## Source records
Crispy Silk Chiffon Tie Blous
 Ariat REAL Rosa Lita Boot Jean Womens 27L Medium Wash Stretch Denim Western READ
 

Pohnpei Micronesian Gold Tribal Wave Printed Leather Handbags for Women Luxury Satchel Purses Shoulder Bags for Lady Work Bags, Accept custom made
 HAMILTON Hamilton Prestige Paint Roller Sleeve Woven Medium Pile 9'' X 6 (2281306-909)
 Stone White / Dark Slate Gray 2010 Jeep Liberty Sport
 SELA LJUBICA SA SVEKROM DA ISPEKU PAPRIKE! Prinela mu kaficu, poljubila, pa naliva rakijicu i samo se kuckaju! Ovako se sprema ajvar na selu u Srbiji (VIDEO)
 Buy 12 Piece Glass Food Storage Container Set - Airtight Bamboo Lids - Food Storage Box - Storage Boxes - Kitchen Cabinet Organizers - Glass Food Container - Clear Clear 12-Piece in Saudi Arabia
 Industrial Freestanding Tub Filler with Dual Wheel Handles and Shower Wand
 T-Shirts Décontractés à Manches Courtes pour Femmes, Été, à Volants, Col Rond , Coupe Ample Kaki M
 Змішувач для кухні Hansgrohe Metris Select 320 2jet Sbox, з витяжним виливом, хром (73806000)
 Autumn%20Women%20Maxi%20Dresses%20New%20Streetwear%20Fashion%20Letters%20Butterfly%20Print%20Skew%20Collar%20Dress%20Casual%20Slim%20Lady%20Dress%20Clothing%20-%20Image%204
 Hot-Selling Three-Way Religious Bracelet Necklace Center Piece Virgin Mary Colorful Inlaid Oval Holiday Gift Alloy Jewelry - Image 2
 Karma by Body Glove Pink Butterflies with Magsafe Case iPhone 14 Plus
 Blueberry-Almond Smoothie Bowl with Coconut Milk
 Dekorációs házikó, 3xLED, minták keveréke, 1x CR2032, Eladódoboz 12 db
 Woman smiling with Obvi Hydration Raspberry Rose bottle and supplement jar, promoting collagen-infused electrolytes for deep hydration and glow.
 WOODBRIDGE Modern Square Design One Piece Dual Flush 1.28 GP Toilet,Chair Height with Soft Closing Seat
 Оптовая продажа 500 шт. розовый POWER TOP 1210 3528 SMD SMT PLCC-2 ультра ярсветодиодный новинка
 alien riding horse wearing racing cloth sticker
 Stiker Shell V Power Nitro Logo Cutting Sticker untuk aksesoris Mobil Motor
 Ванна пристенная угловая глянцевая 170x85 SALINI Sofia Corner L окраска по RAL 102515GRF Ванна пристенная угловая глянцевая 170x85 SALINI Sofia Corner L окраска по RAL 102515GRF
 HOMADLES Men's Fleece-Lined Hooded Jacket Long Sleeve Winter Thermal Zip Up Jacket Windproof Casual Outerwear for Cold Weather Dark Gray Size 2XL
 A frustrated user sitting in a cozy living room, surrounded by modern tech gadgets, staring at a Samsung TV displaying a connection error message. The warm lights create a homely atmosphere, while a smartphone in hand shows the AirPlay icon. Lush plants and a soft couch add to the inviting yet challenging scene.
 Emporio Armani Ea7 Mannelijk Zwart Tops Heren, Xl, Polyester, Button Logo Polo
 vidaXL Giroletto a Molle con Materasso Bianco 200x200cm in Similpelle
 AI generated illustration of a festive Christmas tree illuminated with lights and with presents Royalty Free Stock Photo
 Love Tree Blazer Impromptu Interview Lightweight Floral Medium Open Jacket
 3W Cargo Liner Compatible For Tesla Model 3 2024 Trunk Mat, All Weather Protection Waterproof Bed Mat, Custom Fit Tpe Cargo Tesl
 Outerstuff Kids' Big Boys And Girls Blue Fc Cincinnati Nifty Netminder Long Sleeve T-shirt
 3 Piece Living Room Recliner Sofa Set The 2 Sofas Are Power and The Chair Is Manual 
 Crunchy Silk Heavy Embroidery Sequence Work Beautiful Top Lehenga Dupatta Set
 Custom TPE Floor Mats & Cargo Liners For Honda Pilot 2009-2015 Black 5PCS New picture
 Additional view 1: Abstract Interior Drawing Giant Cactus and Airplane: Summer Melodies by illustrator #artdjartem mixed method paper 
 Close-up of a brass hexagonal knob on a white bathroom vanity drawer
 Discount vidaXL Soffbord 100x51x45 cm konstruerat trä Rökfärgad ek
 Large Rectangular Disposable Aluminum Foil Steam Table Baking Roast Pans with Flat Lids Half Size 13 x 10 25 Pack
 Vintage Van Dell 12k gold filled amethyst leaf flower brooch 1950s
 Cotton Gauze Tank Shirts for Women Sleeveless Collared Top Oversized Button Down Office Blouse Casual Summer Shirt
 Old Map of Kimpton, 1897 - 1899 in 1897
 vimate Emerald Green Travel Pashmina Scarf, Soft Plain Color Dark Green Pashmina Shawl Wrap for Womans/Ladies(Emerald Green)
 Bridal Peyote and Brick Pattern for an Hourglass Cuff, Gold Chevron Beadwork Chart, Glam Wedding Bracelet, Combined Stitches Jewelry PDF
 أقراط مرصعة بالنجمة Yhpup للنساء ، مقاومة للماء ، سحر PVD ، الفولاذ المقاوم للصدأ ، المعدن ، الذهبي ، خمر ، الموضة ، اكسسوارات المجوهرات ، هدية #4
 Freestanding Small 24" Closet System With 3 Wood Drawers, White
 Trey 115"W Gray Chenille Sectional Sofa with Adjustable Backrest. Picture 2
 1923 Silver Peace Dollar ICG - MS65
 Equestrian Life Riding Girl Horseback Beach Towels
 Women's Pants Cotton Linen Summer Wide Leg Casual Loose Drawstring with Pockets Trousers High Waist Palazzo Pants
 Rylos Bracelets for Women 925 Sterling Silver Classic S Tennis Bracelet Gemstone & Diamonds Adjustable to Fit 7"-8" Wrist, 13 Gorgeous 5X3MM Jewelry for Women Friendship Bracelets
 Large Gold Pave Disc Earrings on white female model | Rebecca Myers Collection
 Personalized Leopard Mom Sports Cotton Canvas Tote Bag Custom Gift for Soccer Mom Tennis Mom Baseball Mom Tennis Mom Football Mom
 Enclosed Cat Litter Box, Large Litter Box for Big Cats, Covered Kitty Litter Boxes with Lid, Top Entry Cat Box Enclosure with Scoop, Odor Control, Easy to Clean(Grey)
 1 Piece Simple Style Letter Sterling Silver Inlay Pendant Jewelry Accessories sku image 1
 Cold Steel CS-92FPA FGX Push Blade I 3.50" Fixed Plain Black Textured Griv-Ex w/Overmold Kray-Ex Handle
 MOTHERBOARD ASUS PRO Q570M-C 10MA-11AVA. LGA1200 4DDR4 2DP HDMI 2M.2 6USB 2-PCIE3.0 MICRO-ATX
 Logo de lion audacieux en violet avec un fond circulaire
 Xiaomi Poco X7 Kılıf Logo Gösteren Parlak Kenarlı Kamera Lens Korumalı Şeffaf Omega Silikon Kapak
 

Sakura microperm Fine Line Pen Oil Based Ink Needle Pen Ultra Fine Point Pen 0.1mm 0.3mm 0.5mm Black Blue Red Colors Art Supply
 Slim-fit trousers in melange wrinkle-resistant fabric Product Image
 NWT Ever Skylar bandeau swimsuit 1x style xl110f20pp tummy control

## Problem statement
What are the lines above, starting at the one with "1 Piece Simple" and ending at the one with "Slim-fit trousers in"? Give them again exactly, and only them.

## Output of the task
 1 Piece Simple Style Letter Sterling Silver Inlay Pendant Jewelry Accessories sku image 1
 Cold Steel CS-92FPA FGX Push Blade I 3.50" Fixed Plain Black Textured Griv-Ex w/Overmold Kray-Ex Handle
 MOTHERBOARD ASUS PRO Q570M-C 10MA-11AVA. LGA1200 4DDR4 2DP HDMI 2M.2 6USB 2-PCIE3.0 MICRO-ATX
 Logo de lion audacieux en violet avec un fond circulaire
 Xiaomi Poco X7 Kılıf Logo Gösteren Parlak Kenarlı Kamera Lens Korumalı Şeffaf Omega Silikon Kapak
 

Sakura microperm Fine Line Pen Oil Based Ink Needle Pen Ultra Fine Point Pen 0.1mm 0.3mm 0.5mm Black Blue Red Colors Art Supply
 Slim-fit trousers in melange wrinkle-resistant fabric Product Image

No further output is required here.